:: Your instructions ::
For the material that follows, state how many lines contain the word "illustration", and add nothing.

:: Given records ::

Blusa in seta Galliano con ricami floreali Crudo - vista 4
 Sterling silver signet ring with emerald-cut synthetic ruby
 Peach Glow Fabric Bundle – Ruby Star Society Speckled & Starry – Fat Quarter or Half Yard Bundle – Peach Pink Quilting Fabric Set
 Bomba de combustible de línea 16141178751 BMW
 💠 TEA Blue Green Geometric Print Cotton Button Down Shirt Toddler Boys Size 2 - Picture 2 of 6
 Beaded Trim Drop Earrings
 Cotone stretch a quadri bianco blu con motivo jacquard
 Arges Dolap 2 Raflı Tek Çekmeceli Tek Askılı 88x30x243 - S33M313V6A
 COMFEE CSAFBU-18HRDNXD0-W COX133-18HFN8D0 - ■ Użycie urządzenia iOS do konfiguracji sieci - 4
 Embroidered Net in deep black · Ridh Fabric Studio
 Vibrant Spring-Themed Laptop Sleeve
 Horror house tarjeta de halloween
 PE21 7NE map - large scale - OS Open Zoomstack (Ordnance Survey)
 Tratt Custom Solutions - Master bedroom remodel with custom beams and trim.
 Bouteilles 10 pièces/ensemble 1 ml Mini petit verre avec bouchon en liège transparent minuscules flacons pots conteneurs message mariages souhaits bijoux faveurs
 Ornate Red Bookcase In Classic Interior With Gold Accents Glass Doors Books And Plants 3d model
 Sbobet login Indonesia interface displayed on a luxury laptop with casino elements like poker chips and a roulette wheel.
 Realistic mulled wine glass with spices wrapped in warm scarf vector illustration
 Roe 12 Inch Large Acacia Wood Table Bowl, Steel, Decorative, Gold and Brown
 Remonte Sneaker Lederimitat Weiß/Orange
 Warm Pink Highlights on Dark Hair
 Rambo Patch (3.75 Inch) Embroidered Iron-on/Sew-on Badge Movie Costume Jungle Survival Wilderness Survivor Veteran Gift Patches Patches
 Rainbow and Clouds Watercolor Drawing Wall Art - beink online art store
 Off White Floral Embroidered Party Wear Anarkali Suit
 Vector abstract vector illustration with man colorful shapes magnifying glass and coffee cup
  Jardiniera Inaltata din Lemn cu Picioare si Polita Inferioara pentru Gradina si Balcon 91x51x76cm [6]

:: Response box ::
2